Heck, at our house we use surgical scrub towels as dish towels. And I have various medical instruments in my tool box (hemostats, etc). Wife liberates them from the OR. She goes in and needs to do something really simple. There is a "tray" of stuff that is presterilized and wrapped. The nurse grabs the kit for whatever, and she might use ONE item on the tray to do what she needs to do. The rest gets thrown in the trash. While designed to be disposable, the trays are NOT cheap. So sometimes she'll bring me an unused tool that would otherwise be thrown away, or she'll grab the scrub towels that were unused and we have new dish towels. A lot of this has come about because of defensive care. On the off chance that somethign might get used twice, then they get sued, they just use everything once and throw it away.
Yeah, they do that, but the amount actually collected was likely less. How much less I cannot say, and it would still be a HUGE amount of money, even if it was "merely" 60% of 70k, lol.
I see your point but this came from the insurance company listing what they (claimed) they had paid the hospital, not a bill from the hospital itself.
Tribesman
04-05-10, 01:52 PM
They don't get money to pay for those who cannot pay. They eat the loss.
No, they get money from the government.
The last changes were in '86.
It is true they eat some of the loss, because it has never been properly funded and the mixture of federal and state tax revenues mean each State has different levels of government reimbursement.
This is the thing, the government CLAIMS they are paying for all this health care, but they actually pay the providers BELOW COST.
Ah, so you know your first bit wasn't accurate then.
Lets fix it.
They do get money to pay for those who cannot pay. But They eat some loss because it is underfunded.
:up:
The loss is whatever is un or under funded. My "first bit" was exactly right. Loss is whatever they do not get paid. Those with government "insurance" pay, but pay below cost. The difference is unpaid, and un-reimbursed by anyone.
Not all hospitals are State facilities. Private hospitals get NOTHING from the government beyond medicaid/medicare reimbursement. The State hospitals get reimbursed by the State under various programs for "community health" but it's not like they show a loss on patient X's care, and get a check for the difference from Santa Fe. If they end up in the red, they might try for more next year. Might not get it, though.
We have 4 main hospitals here in ABQ (with branch hospitals as well).
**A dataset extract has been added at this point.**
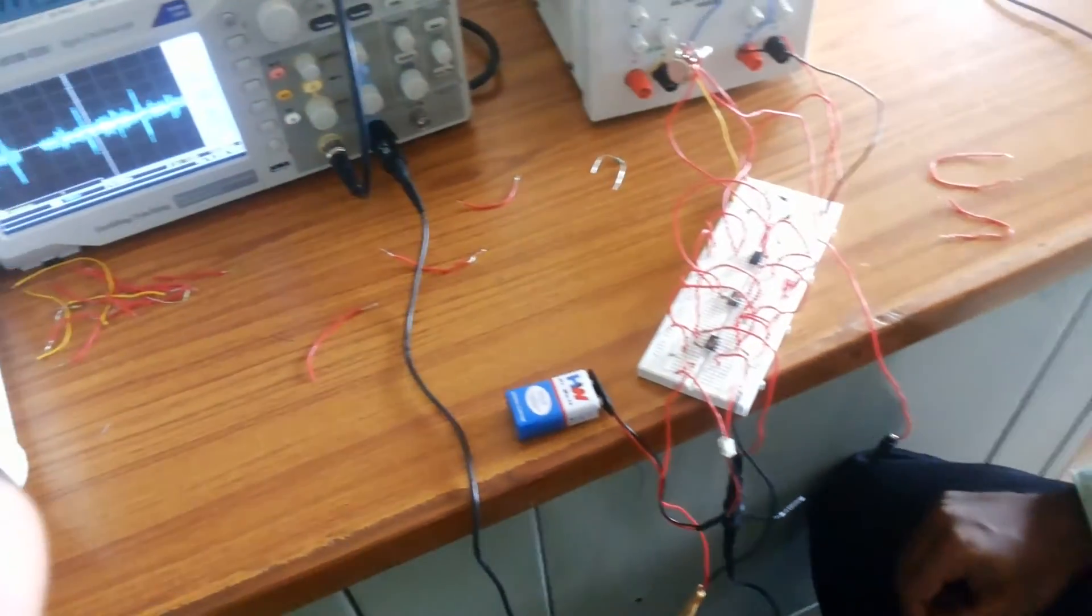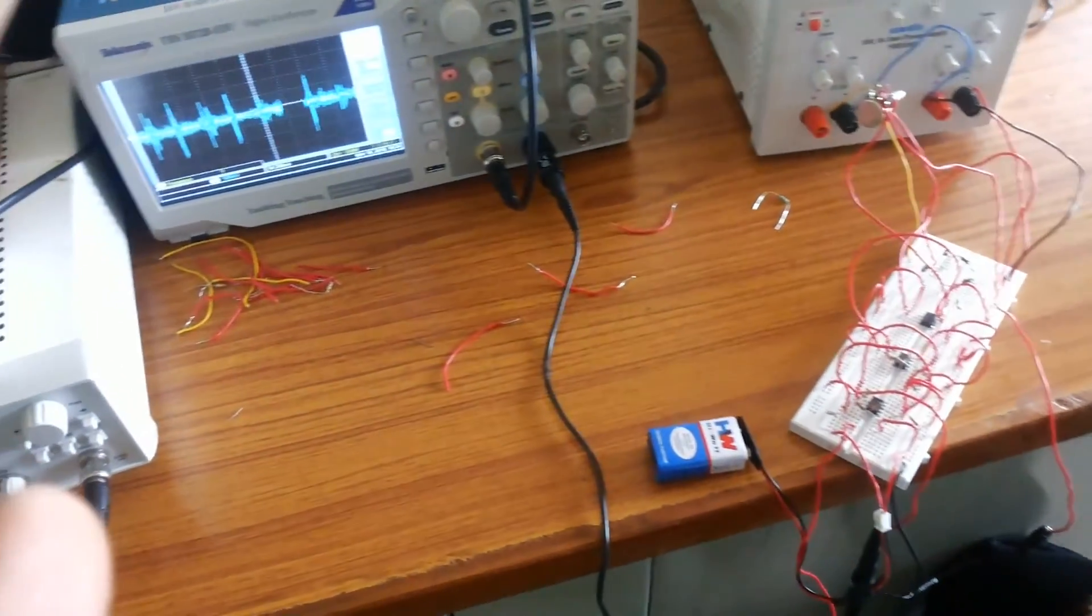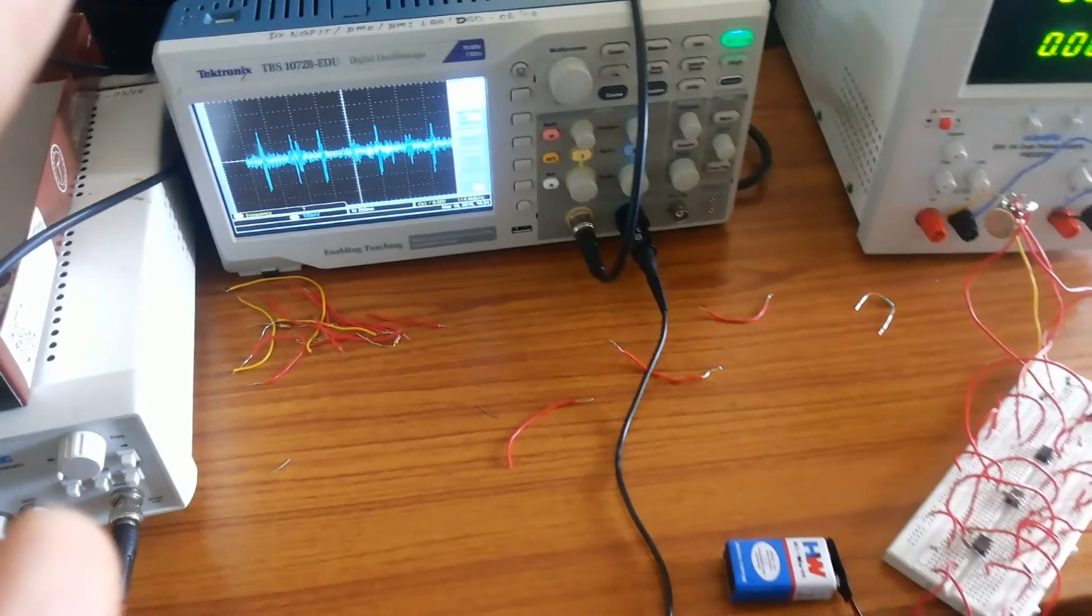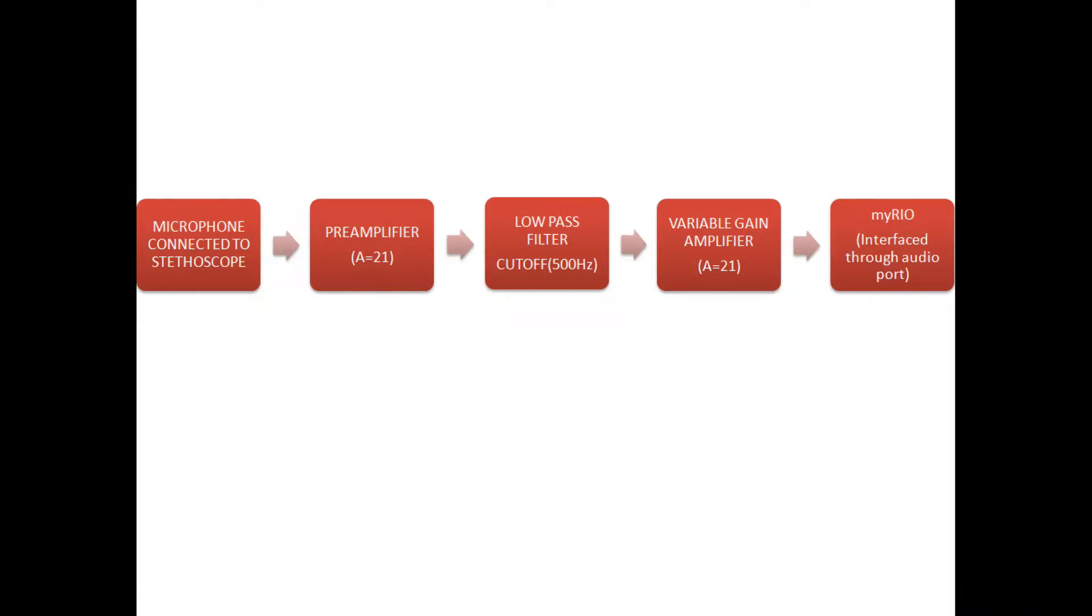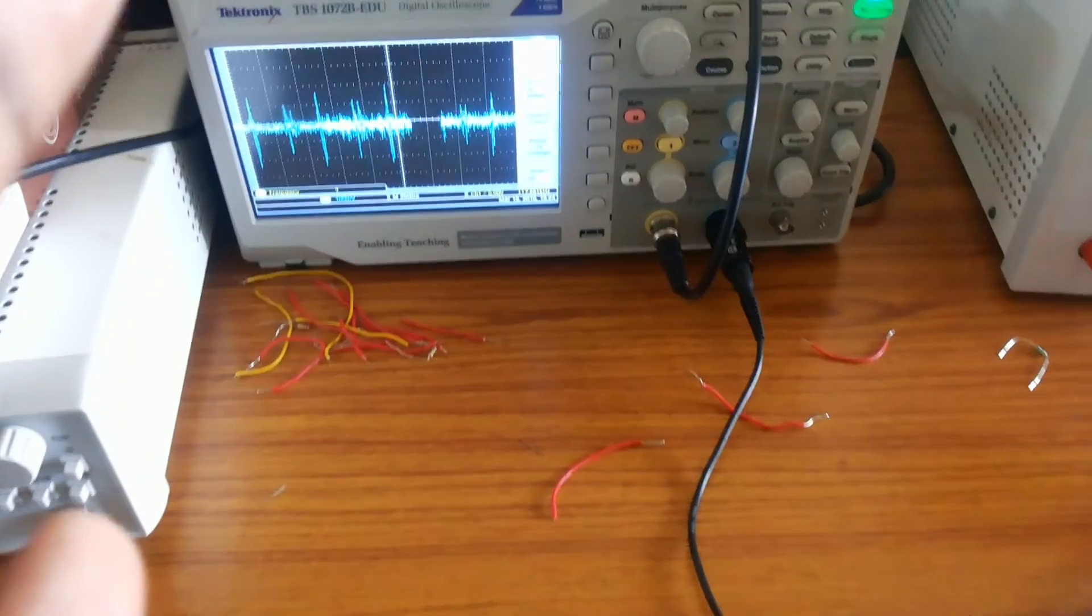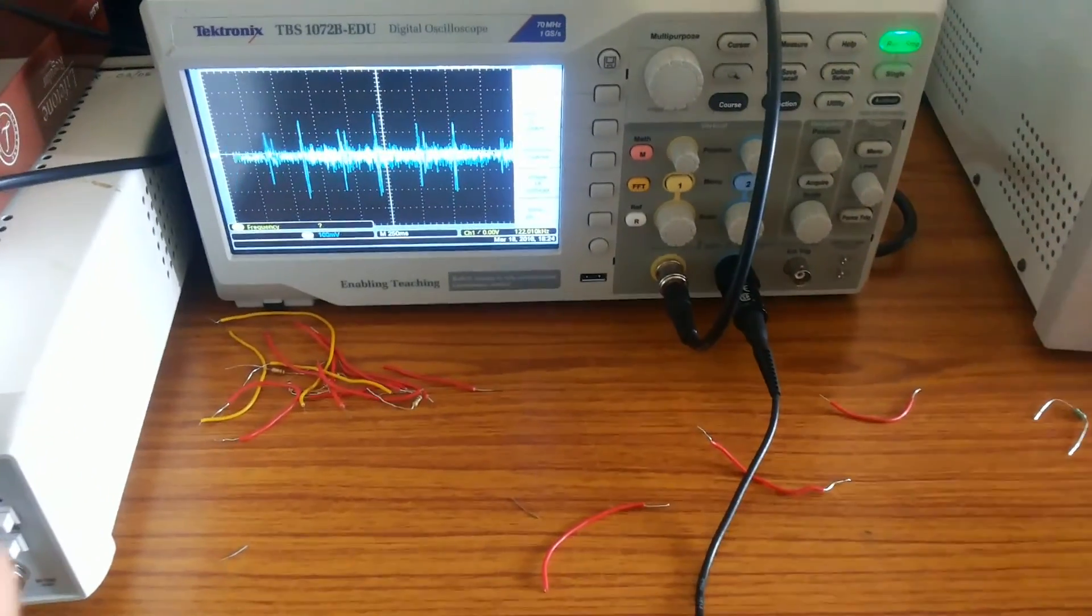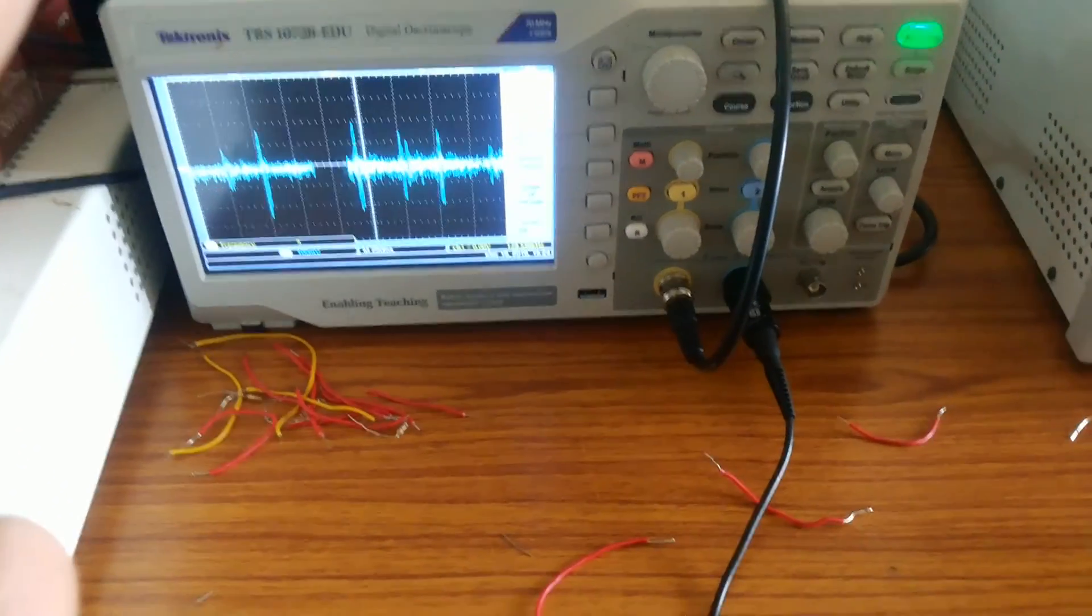This electrical signal runs through the signal conditioning system where the pre-amplifier initially amplifies the signal to avoid data loss. Then the LPF filters the signal to remove noise. Next comes the variable gain amplifier to amplify the signal according to our needs. The output after signal conditioning is what we are seeing now.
Two are private, one is UNMH (University of New Mexico), and the last is the VA. Only UNMH and the VA are subsidized by the state or feds. If Pres has someone show up in the ER with no insurance who is ineligible for Medicaid, they eat 100% of whatever they cannot collect from the patient. If Medicaid or medicare pays below cost for care, they EAT IT, 100%.
Since they are a business, they eat nothing at all, they raise fees on those that DO pay that they have control over (ie: everyone who pays except medicaid/medicare since they have no control over how much those programs pay).